The security guard is old and in an ill-fitting dark-navy, pseudo-police uniform with the patches of his employers on it. This is also the company that has the contract for moving prisoners about in armoured vans, the insides of which are divided up into cages to supposedly prevent them hurting each other. Each van is insensitively labeled with CAN followed by a two-digit number. That he is not physically strong is important as it directly expresses how he does not need to dominate visitors – their own fear in this threatening, confusing, obfuscating space will render them compliant. He is there to expediently flush out those who become over-wrought and are making scenes, and goes about his work relatively empathetically (you should really leave now, his eyes say, before they crush you), but is clearly wary of the woman behind the desk. I think he is afraid that someone actually scary is going to intimidate him. I am sure he is only being paid some variation of minimum wage and is just trying to make ends meet in a way that makes him more like the ‘clients’ than the staff, who clearly think they have transcended poverty by their own merit.

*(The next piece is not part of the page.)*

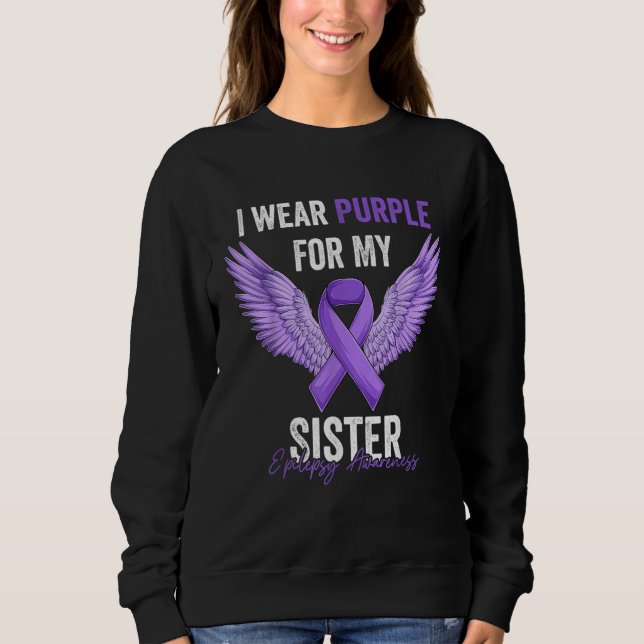 I Wear Purple For My Sister Epilepsy Awareness Ang T Shirt (Framsida)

Anyone who does not want to leave or insists on speaking to a manager is quietly flanked by ‘case workers’ and escorted in quiet, smothering tones to one of the holding rooms that come off the large main area. At the press of a button, a manager emerges from another door, ready to work. All this is done in front of small children waiting with their mothers in the seating that lines the walls of the entrance. I don’t think the office will last long in this location. It used to service the poor areas close to the city, but since these have become gentrified, the poor are being flushed out, flung by centrifugal force to the outer areas of what has just been rebranded a ‘super-city’ in the latest round of local-body government restructuring. I have noticed that there seems to be a new group of employees who are dressed like parking meter readers but have been instructed to talk sternly to the homeless, delinquent, or ‘anti-social’ rule-benders. I wonder what their position is called on their job description? City hosts?

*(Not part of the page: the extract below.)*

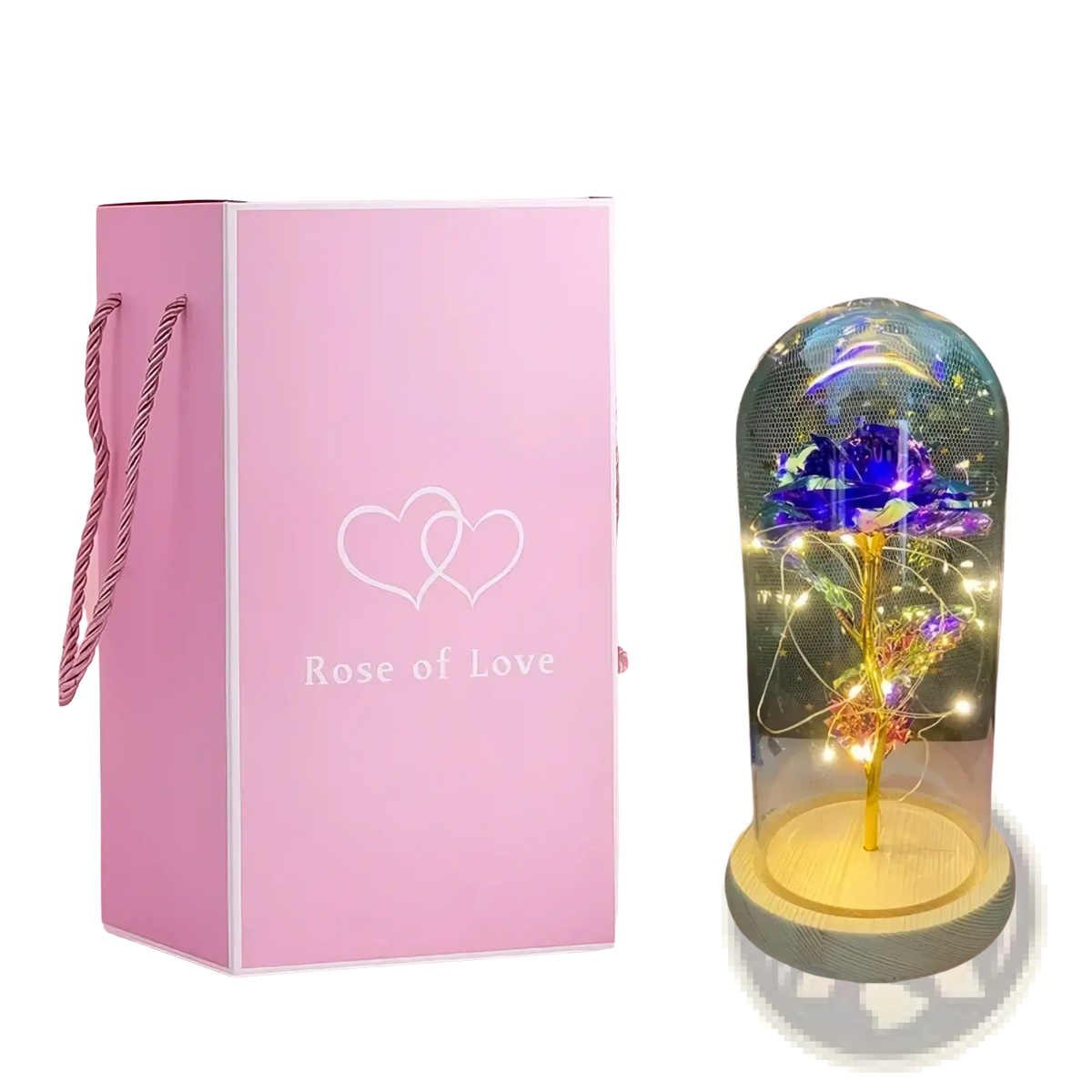 Eternal gold rose glass dome led light featuring a glowing blue and gold preserved rose with fairy lights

WINZ itself is the victim of the endless corporate rebranding and renaming that has been part of the state’s latest disappearing act. The abdication of responsibility for anything but budgets is clear, and the atmosphere is similar to that experienced by an un-parented child: the poet and commune leader James K. Baxter described, in the early 70s, what he saw as the different orders of poverty – the poor, the fatherless, those who are like tree that have been stripped of their leaves. I look at the workstation – big faux-birch desks with bright yellow powder-coated perforated steel with little plus signs cut out at regular intervals. The carpet is an inky deep green like a swirling sea. There is a noticeboard with fliers for training and behaviour-modification courses on it, and is a greyish-blue colour. The WINZ logo looks like a piece of clip-art from Windows 98 – a kind of ecstatic stick-figure holding a loaf of bread, rays of wealth emanating into a white oval frame. The friendliness of the open-plan office belies its dual roles of surveillance and security. There is a Peanuts cartoon placed on the desk, supremely passive-aggressively depicting the emotional shape of Snoopy’s working week: increasingly depressing working days leading to two days of non-stop ecstatic dancing, then malaise sets in again on Sunday night, the whole deal somehow contrived to show a touch of humanity.

People move from the reception desk to tables where they fill out forms on clipboards with pens tied to them. Sometimes they are waiting in groups to go into compulsory two-week, clearly punitive seminars to impart work-readiness to clients wanting the unemployment benefit. If beneficiaries don’t show willingness to accept work that is offered, they are cut off. Recently, they have decided that there will no longer be sickness benefits for the depressed – it is now a moral issue to be unable to deal with conditions characterised by (thank you Paulo Virno) “the uncertainty of expectations, the unpredictability of assignments, fragile identities, ever-changing values.” I want to pin diagrams to the hessian surface of their noticeboard, but it is not a community noticeboard – that one thing is clear – especially one that a friend sent me, attached to an email, which attempts to map out the functioning and, by implication, location of the libido.

I thought it might help people to understand why it is so hard to get the different parts of ourselves in the right place, and to be present – depicting as it does highly individualised and individualising subjects just trying to feel OK, feel something, anything, but with dysfunctional bursting mechanisms and profound incomprehension of a disquieting absence.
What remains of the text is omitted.